# Part I - Devito Performance modes

This tutorial is the first one out of a series of tutorials describing the code generated when using different DLE modes. In this tutorial we present the performance optimizations applied by the Devito compiler, including the Devito Loop Engine that delivers optimizations for parallelism and cache locality.

For the purposes of this tutorial we will compare the generated code between several cobinations of DLE modes.

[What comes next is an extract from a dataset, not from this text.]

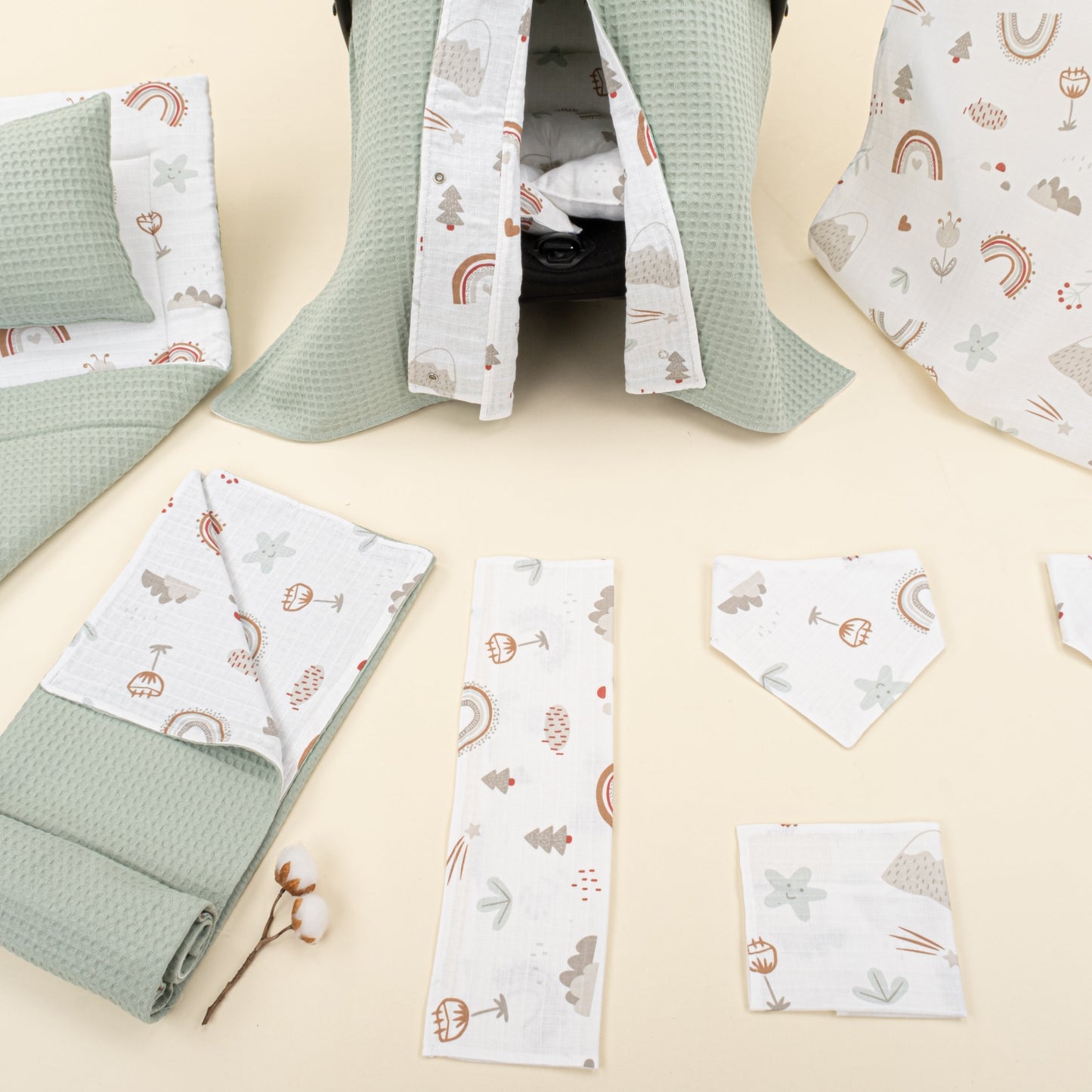 11 Piece - Newborn Sets - Double Sided - Winter - Yeşil Petek - Kahverengi Gökkuşağı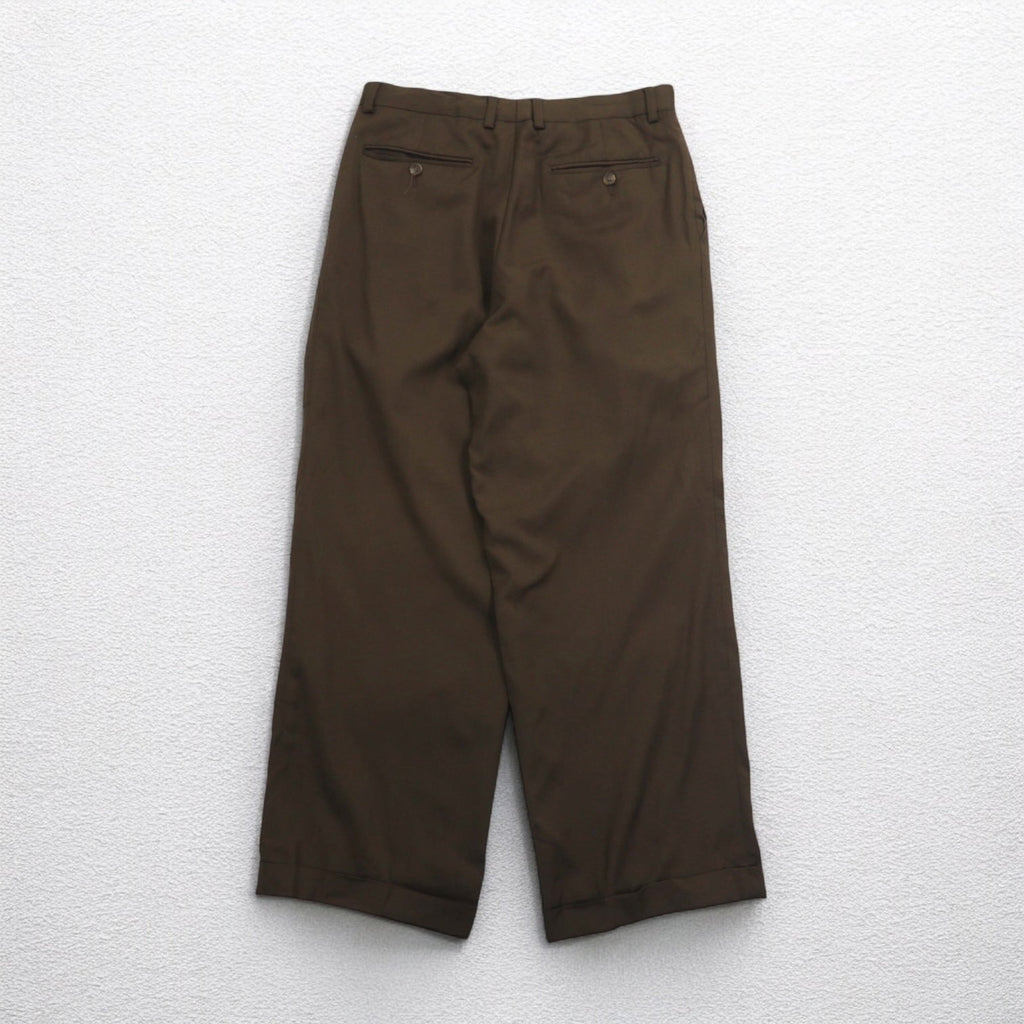LAUREN RALPH LAUREN 90年代 120's & CASHMERE カシミヤ 2タック ワイド スラックスパンツ M ブラウン ウール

We will use a trivial `Operator` that, at each time step, increments by 1 all points in the physical domain and the code produced in each case.

In [1]:
# This function will be used to print the difference between the generated code.
def _unidiff_output(expected, actual):
    """
    Helper function. Returns a string containing the unified diff of two multiline strings.
    """
    import difflib
    expected=expected.splitlines(1)
    actual=actual.splitlines(1)

    diff=difflib.unified_diff(expected, actual)

    return ''.join(diff)

In [2]:
from devito import clear_cache
import numpy as np
clear_cache()


In [3]:
from devito import Grid, TimeFunction, Eq, Operator, clear_cache
from examples.cfd import plot_field, init_hat
from devito import Eq, solve
from devito import configuration

# Initialise our problem parameters
nx = 200
ny = 200
grid = Grid(shape=(nx, ny))
u = TimeFunction(name='u', grid=grid)
eq = Eq(u.forward, (u + 0.1, u + 0.2, u + 0.1))

#Set up an operator with DLE set to noop and one with DLE set to advanced.
op_noop = Operator(eq, dle = 'noop')
op_advanced = Operator(eq, dle = 'advanced')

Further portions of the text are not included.